PtSW kicks off with a limpid explanation of the path from tabular data through relational databases, and how hard these are to maintain and evolve. While database schema complexity is manageable in well understood industries, it gets somewhat intractable when there are ‘hundreds or thousands of datasets all talking about different things.’ It would be hard and labor intensive to put all the world’s data into a single schema—i.e. the RDBMS suffers from poor ‘scaling to complexity.’

Enter the ‘key/value’ schema—a more flexible data model that handily maps into the Resource Data Framework’s ‘triple.’ This is the ultimate stripped-down data model where relationships are described by the data itself. Before you know it (page 23) you are building a simple triple store in Python2.

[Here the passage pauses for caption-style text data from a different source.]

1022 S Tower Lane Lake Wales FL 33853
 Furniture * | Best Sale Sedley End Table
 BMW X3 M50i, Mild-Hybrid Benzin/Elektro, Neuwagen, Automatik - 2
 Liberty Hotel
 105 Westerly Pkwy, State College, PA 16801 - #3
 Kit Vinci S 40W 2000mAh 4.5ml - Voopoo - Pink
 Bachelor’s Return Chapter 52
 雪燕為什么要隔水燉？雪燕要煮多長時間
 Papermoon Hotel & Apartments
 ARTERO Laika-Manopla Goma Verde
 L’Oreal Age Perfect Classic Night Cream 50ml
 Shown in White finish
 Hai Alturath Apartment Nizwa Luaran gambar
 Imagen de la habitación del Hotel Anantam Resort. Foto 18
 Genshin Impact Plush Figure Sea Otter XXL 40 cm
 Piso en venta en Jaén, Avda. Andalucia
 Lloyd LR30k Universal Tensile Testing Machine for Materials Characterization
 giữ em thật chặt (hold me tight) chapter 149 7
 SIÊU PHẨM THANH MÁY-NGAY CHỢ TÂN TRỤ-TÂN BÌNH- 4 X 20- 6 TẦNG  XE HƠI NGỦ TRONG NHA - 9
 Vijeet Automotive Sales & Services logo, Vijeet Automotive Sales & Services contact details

Having built a few semantic silos—the next big thing is tying them together with shared keys and overlapping graphs. But nota bene—there is no magic here, the problems of inconsistent naming and mis-spelt data has not gone away. PtSW even has a new term for disambiguating multiple records of the same thing, ‘smutting.’

The section on ‘Just enough OWL’ probably would not satisfy the purist but the idea is that OWL brings back the stuff we threw away when we abandoned the RDBMS, relations and data modeling. But modeling anything of moderate complexity in RDF/OWL quickly becomes ugly. Enter Protégé, an industry standard tool for managing such complexity.

If you are interested in understanding the technology that underpins the ISO 15926 standard (see page 3) this is a great starting point. But there is a caveat. The stripped down data modeling functionality of the semantic web only moves the complexity in your data into the Protégé model. Even simple objects translate into ‘graphs’ of mind numbing complexity. Determining even simple stuff like a unit of measure involves a trip around a graph. RDF is not really conducive to encapsulating data into ‘building bricks.’ Those involved in process modeling might like to check out OntoCAPE. More from www.semprog.com.

1 Programming the Semantic Web, Segaran et al. O’Reilly. ISBN 978 0 596 15381 6.